In the grand scheme of things, missing out on a concert might not amount to much in this context. But for the sake of conversation: The show I’m saddest about not seeing in 2020 is Sturgill Simpson’s truncated Sound & Fury tour, which began in January and like everything else ground to a halt in early March, about a month before it was originally scheduled to hit my town. I had been eagerly anticipating that night for months, ever since downloading a bootleg recording of a gig from the previous fall in Washington D.C., part of a pre-tour warm-up club tour.
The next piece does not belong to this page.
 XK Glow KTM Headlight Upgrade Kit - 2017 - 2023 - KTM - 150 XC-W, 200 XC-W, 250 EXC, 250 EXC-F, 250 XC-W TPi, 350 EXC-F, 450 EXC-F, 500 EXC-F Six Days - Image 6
The music on that tape was thick, gnarly and above all furious, which matched Sturgill’s personal temperament at the time. When I interviewed him in February 2020, he talked about the tour with palpable dread. His previous road campaign in 2017 drove him to substance abuse, he confessed. He also pledged he would never do a “big tour” like this ever again. So, when the Sound & Fury tour was subsequently canceled, I suspect that Sturgill was the opposite of disappointed.
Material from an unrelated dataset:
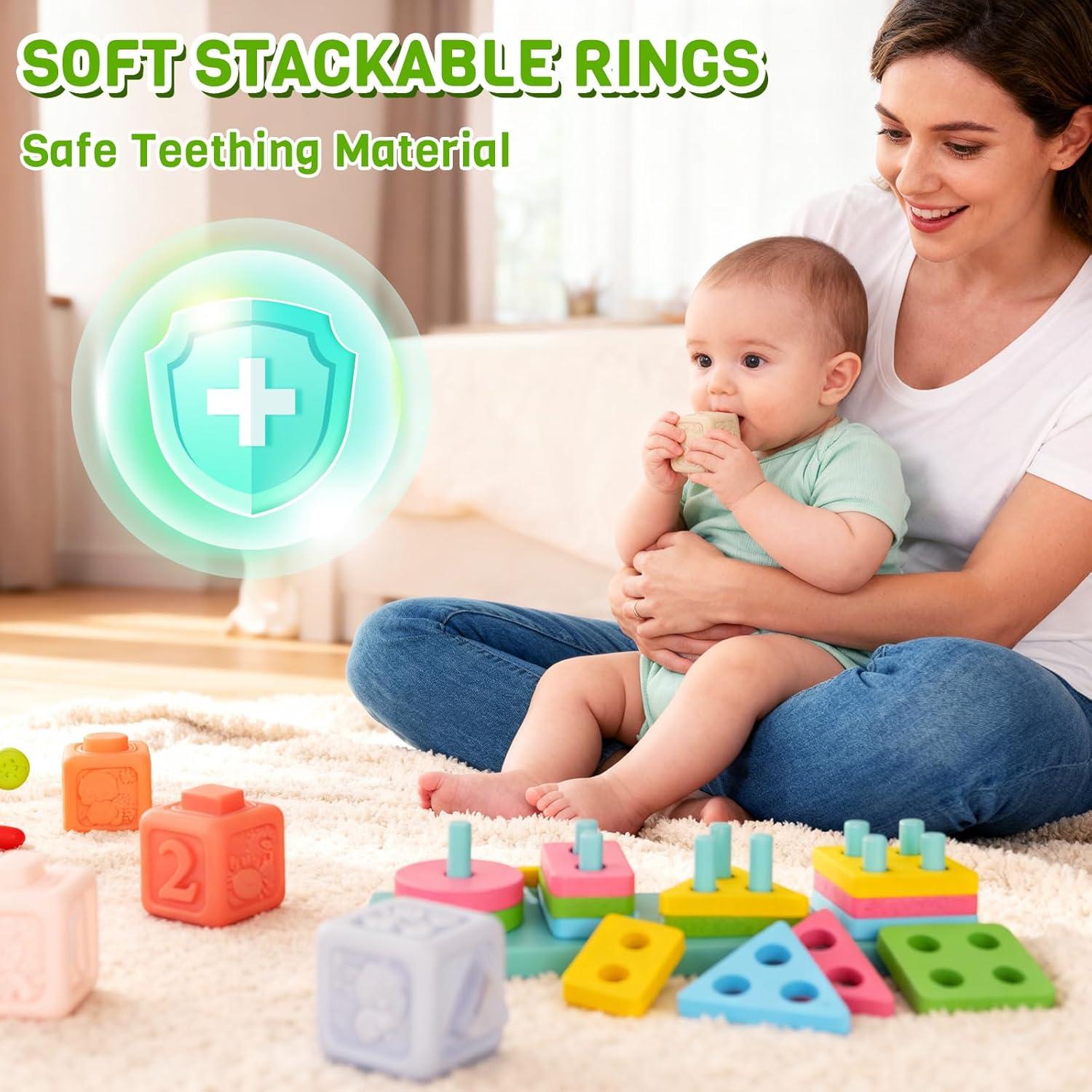 Juguetes Montessori 8 en 1 YMLGMAY para Bebés 6-12 Meses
Flash forward to 2024. Sturgill is back on the road, and he has apparently broken the “no more big tours” pledge. Or maybe not — since Sturgill made that promise and this jaunt — dubbed the Why Not? tour — is official billed as a “Johnny Blue Skies” show. No matter. The semantics are irrelevant. What matters is that Sturgill Simpson is playing live again and his current tour is 2024’s most musically thrilling and flat-out life-affirming live experience.
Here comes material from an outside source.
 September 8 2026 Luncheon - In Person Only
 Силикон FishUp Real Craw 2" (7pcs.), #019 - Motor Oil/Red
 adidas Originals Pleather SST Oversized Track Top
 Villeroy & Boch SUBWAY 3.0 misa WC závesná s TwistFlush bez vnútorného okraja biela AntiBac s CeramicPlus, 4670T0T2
The optimal word here is joy. I saw Sturgill last week at one of the dumpier venues in the Twin Cities area, and for three hours he played 31 songs with his brilliant band and positively radiated ebullience. The music just poured out of these guys like well-aged bourbon into a well-worn tumbler — honky-tonk stompers, revved-up electric bluegrass, stoned southern rock, duel-guitar psychedelic jams. They played originals from throughout Sturgill’s catalog with muscular authority, successfully merging the traditional country and soul sounds of the early records with the gut-punch rock of the Sound & Fury era. And they skillfully inserted covers that acted as signposts acknowledging where this music comes from: The Allman Brothers’ “Midnight Rider,” William Bell’s “You Don’t Miss Your Water,” Procol Harum’s “A White Shade Of Pale,” an absolutely apocalyptic version of The Doors’ “L.A. Woman,” and Prince’s “Purple Rain,” which merged seamlessly with Sturgill’s own gently weeping guitar elegy, “One For The Road.”